Brief descriptive captions
--------

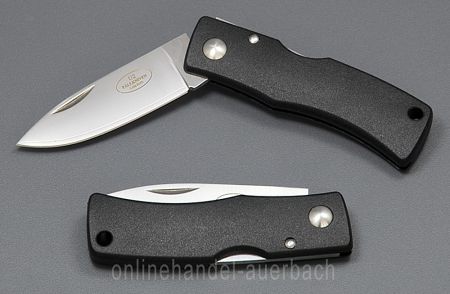 fällkniven knife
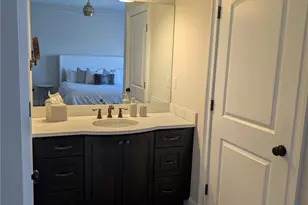 88 Brookview Ln, Newburgh, NY 12550 - Photo 22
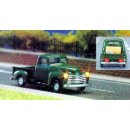 Busch 5643 Chevrolet Pick-up H0
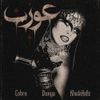 Aurat - Cobra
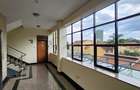 3,500 ft² Office with Service Charge Included in Westlands Area - 16
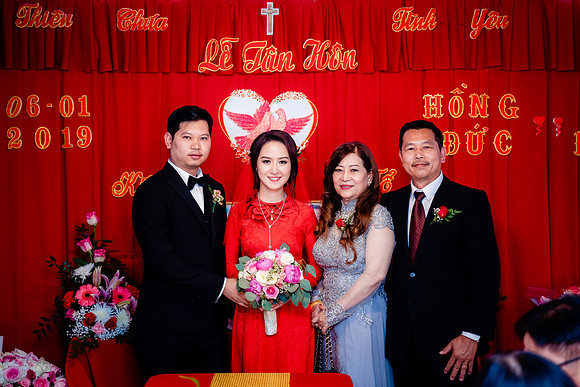 Duc&YNhu[ WeddingDay 06012019 ] (470 of 478)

--------

About this exercise - Your reply should consist of the data, transcribed exactly, and should hold no pictures.

Expected answer -
 fällkniven knife
 88 Brookview Ln, Newburgh, NY 12550 - Photo 22
 Busch 5643 Chevrolet Pick-up H0
 Aurat - Cobra
 3,500 ft² Office with Service Charge Included in Westlands Area - 16
 Duc&YNhu[ WeddingDay 06012019 ] (470 of 478)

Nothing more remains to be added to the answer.